Source: International Energy Agency and EFGAM calculations. Data as at 09 October 2023.

Furthermore, the IEA has highlighted that rising prices and lower OPEC+ supplies have stimulated extraction in other countries, including the US. According to data from the US Energy Information Administration (EIA), US oil production increased by 0.6mbd between June and September, mitigating somewhat the tightening of the oil market.

Another interesting development is the collapse in refining margins, or crack spreads, that has been ongoing since the second half of August, after oil prices surpassed USD85 pb (see Chart 1). This reflects the difficulties refiners are having in passing on raw material price increases to final consumers. EIA data shows that US demand for petroleum products fell 12% between mid-August and late September while inventories of refined products, including gasoline and diesel, rose 5%. This evidence suggests that demand for crude oil from refiners will remain weak in the near term.

To re-establish attractive conditions for refiners, refining margins must rise.

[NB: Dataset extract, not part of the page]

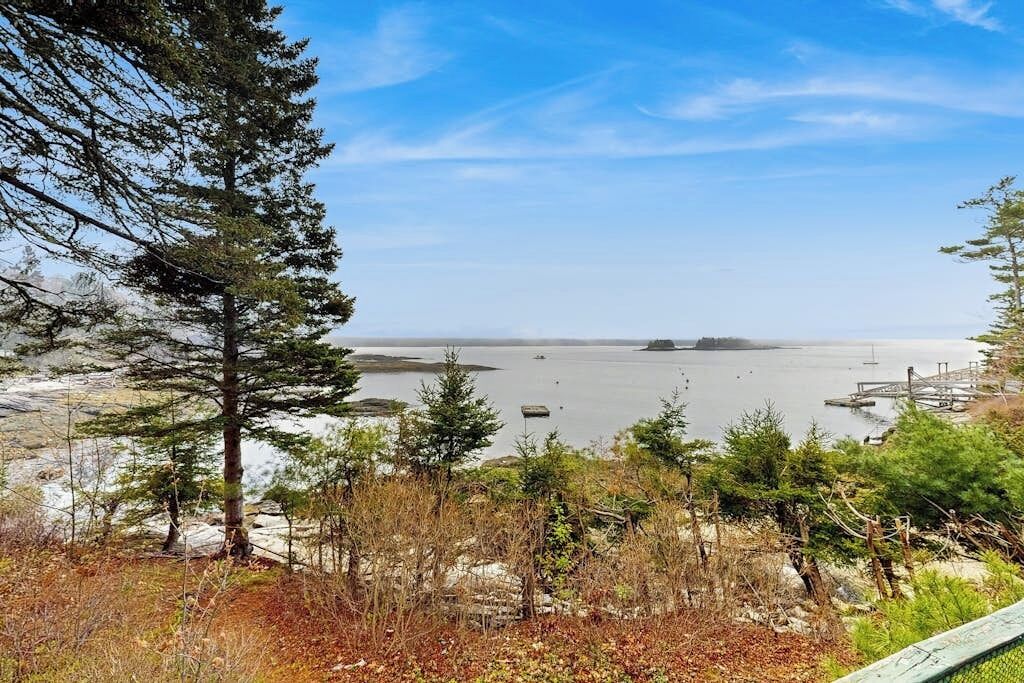 Paisaje costero con vista despejada al agua, un muelle y una zona boscosa.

This may result from a combination of higher prices of refined products, which seems difficult starting from already high levels, and a decline in the price of crude oil, as has often happened in the past in similar conditions.

In conclusion, current high oil prices do not appear sustainable. Despite the production cuts implemented by Saudi Arabia and Russia and renewed tensions in the Middle East, the automatic mechanism for rebalancing oil supply and demand is already underway. In the absence of new supply shocks, oil prices are expected to moderate over the next few months.

1 Saudi Arabia’s Vision 2023 plan to diversify the economy from oil is estimated to cost up to USD3 trillions, or 300% of current Saudi Arabia GDP. Russia is estimated to spend about 10% of its annual GDP on defence, primarily to fund the war in Ukraine. In both countries, the energy industry generates more than 40% of total fiscal revenues.